Ama n'oolmuştu sonra?..
"Tuvalet kapısının; sadece ve sadece Sinan Aygün'ün parmak izi ile açılabildiği" ortaya çıkmıştı!.. Yani, "o tuvalete başka birisi giremez"di!.. Dolayısıyla, Glock marka suikast silâhı da Sinan Aygün'e aitti!..
Durun, daha bitmedi...
Sadece "tuvalet"inde değil, Sinan Aygün'ün "otomobilinde" de "tüfek ve tabanca"lar bulunduğunu Yavuz Donat yazdı önceki gün!..
Bu tabanca ve tüfekler niçin acaba?..
"Korunma" amaçlı mı, "saldırı" amaçlı mı?..
PAŞALAR VE KARTELDEKİ MAŞALAR!
Uzun lâfın kısası, a dostlar;
Bir yandan kartelin "kalemşör"leri, bir yandan da anlı-şanlı "profesör"ler, büyük bir "körlük" ve "sağırlık" içinde "Ergenekoncuları savunma telâşı"ndalar!..

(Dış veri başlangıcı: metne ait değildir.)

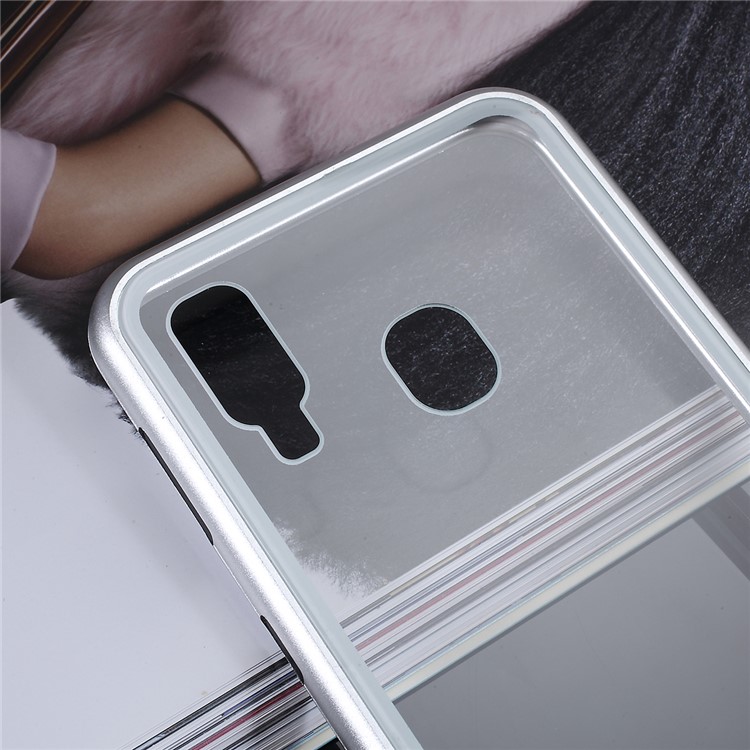All-wrapped Magnetic Metal Frame + Tempered Glass Back Phone Case for Samsung Galaxy A40 - Silver-3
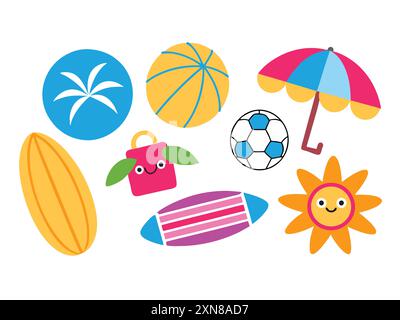 Beach fournit des vecteurs isolés, clipart et illustrations Illustration de Vecteur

Ne var ki, "bilmiyor"lar!..
Sadece "bilgiçlik" taslayıp, ona-buna "çamur" atmakla meşguller!..
Ne "balık"tan haberleri var, ne de "Ergenekon" veya "Neocon"dan!..
Tıpkı, "Paşa Dede" gibiler!..
"Bilgi"leri yok ama,
"Dedikleri dedik!"
"Paşa Dede"leri içeri alındı ya, onlar da dışarıda "maşa"lık yapıyorlar!..

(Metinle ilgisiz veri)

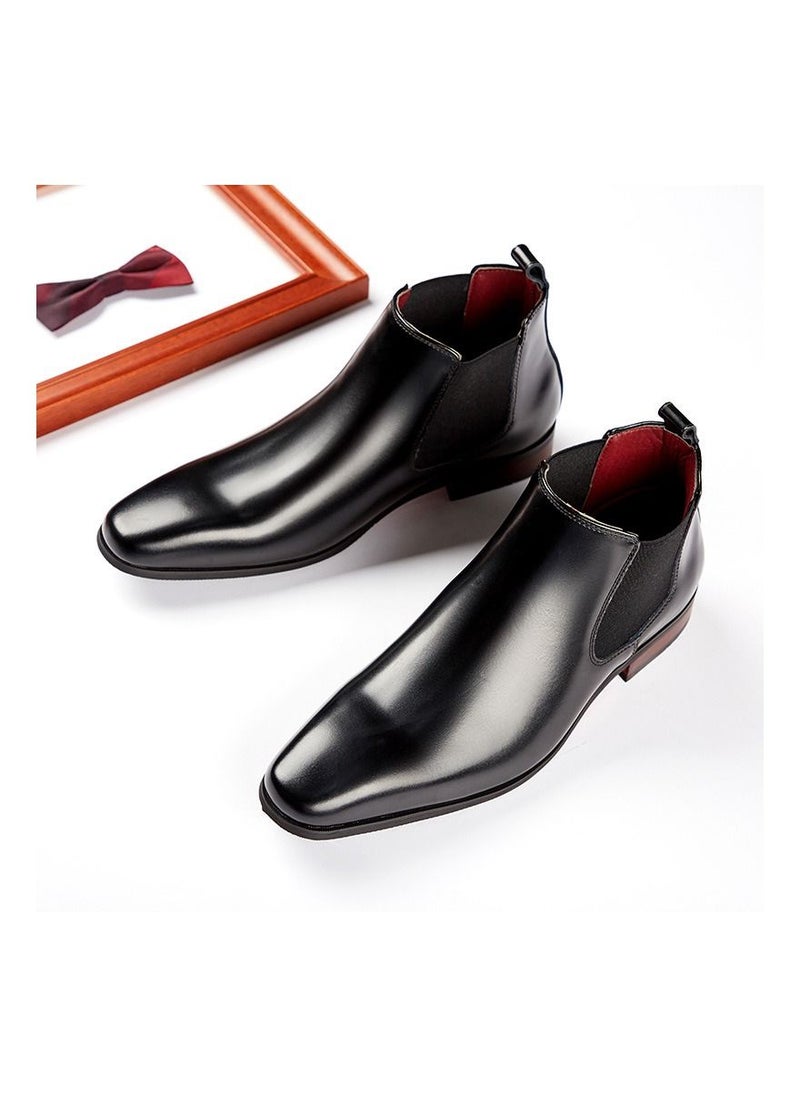 Loquat Men Men's leather short boots Black  - Image 2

Bunları, "siz bari bilin" istedim!..
=================
Ağzını kapatmayı mı unuttu?
Görüyorsunuz, "ağzının fermuarı"nı açık unutan Deniz Baykal, habire konuşuyor!.. Kâh, "Ben de Ergenekon'un avukatıyım" diyor, kâh ortaya çıkan "darbe" plânları için "Fasa fiso" diyor!..
Ve bütün Türkiye, ibret ve şaşkınlıkla "Baykal'ın konuşmaları"nı dinliyor!.. Önder Sav ile görüşen eski Bolu Valisi M.Ali Serindağ, 44 dakika 6 saniye boyunca "CHP'ye taktik" verirken, CHP Genel Başkanı da "Yargı'ya taktik" veriyor!.. Hakim ve savcılara, "Ergenekon'u boşa çıkarın!" çağrıları yapıyor!..
Bunlara bakıp bakıp, gülmek geliyor içimden... Öyle ya; Önder Sav, "telefonunu açık unutmuş"tu ve Vali ile konuşmalarına "Vakit muhabirleri" kulak misafiri olmuşlardı!..
Öyle anlaşılıyor ki; Bay Baykal da "ağzını açık unutmuş" olmalı ki, konuşmalarını bütün Türkiye dinliyor!..
Allah vere de; yarın bir gün "dinleniyoruz" demese!